2) Modification of microRNA-101 inhibitors using locked nucleic acid technology: 5'ATGTCATGACACTATTGACTT3' in the antisense oligonucleotide sequence of microRNA-101, 1, 2, 3, 4 in the 1-21st position from the 5' end , 5, 6, 7 or more nucleotides are modified by locked nucleotides (LNA). The locked nucleotides are selected from β-D-oxygen-locked nucleotides, (beta-D-sulfur-locked nucleotides, β-D-amino-locked nucleotides and/or α-L- Oxy-locked nucleotides for substitution). The locked nucleotides are prepared according to the following method (see international patents: WO99/14226, WO00/56746, WO00/56748, WO00/66604, etc.). Thus, the modified microRNA-101 inhibitor drug is prepared. The stability of the prepared microRNA-101 inhibitor drug is improved, and it can specifically bind to the microRNA molecule that inhibits the endogenous maturation of cells

IL-1β and TNF-α acting on human cartilage tissue can cause chondrocyte degeneration, extracellular matrix degradation, and cartilage damage. Adding an effective amount of the prepared microRNA-101 inhibitor drug to the culture medium of human chondrocytes, and then stimulating IL-1β and TNF-α, it was found that the microRNA-101 inhibitor drug could reverse the expression of IL-1β and TNF-α. TNF-α-induced degeneration of human chondrocytes and degradation of extracellular matrix can protect chondrocytes from cartilage damage caused by inflammatory factors. It can be seen that the microRNA-101 inhibitor drug provided in the embodiment of the present invention has the effect of protecting articular chondrocytes and facilitating cartilage repair.

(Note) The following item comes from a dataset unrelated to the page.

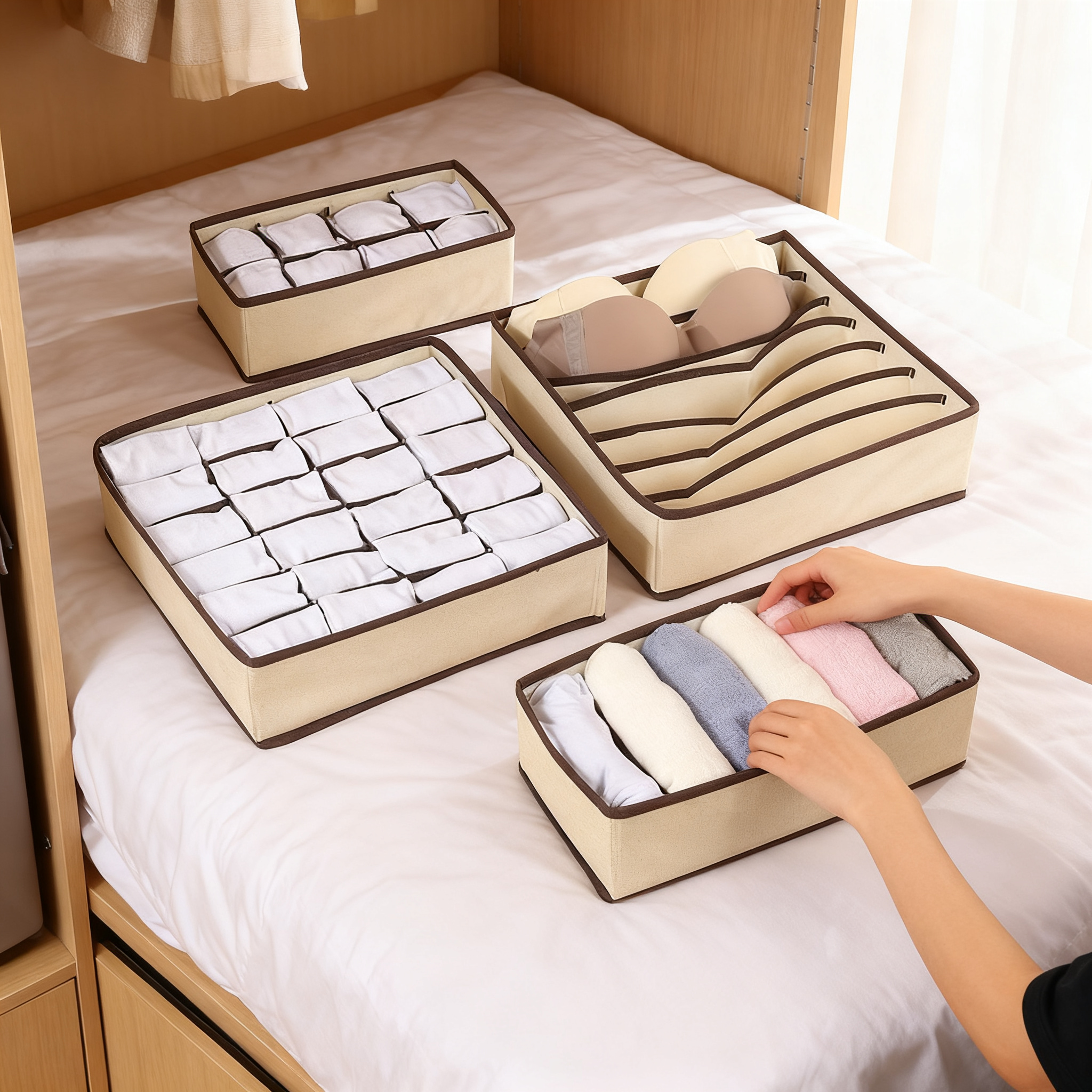 New Underwear Storage Box Foldableable Thickeneded Oxford Cloth Drawer Box Home Wardrobe Classification Storage Box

The above descriptions are only preferred embodiments of the present invention, and are not intended to limit the present invention. Any modifications, equivalent replacements, improvements, etc. made within the spirit and principles of the present invention shall be included in the protection of the present invention. within range.

Claims (9)

1. Application of inhibitors of microRNA-101 in the preparation of drugs for the prevention or treatment of osteoarthritis. 2. The application according to claim 1, wherein the nucleotide sequence of the microRNA-101 is 5'-UACAGUACUGUGAUAACUGAA-3'. 3. The application according to claim 2, wherein the microRNA-101 is further modified, and the modified microRNA-101 maintains the activity of the microRNA-101. 4. The application according to claim 3, wherein the modification is at least one selected from ribose modification, base modification, and phosphate backbone modification. 5. The application according to claim 2, wherein the nucleotides in the microRNA-101 are further partially replaced or increased or decreased, and the nucleotides are further retained by the partially substituted or increased or decreased microRNA-101. Describe the activity of microRNA-101. 6. A pharmaceutical composition for preventing or treating osteoarthritis, said pharmaceutical composition comprising an effective amount of an inhibitor of microRNA-101. 7. The pharmaceutical composition according to claim 6, characterized in that, the pharmaceutical composition further comprises other drugs compatible with the microRNA-101 inhibitor and pharmaceutically acceptable carriers and/or adjuvants. 8. The pharmaceutical composition according to claim 7, wherein the dosage form of the pharmaceutical composition is selected from a solution, a suspension, a dry powder, an emulsion, a controlled release agent or a sustained release preparation. 9. The pharmaceutical composition according to claim 7, characterized in that, the administration mode of the pharmaceutical composition is selected from injection administration or oral administration.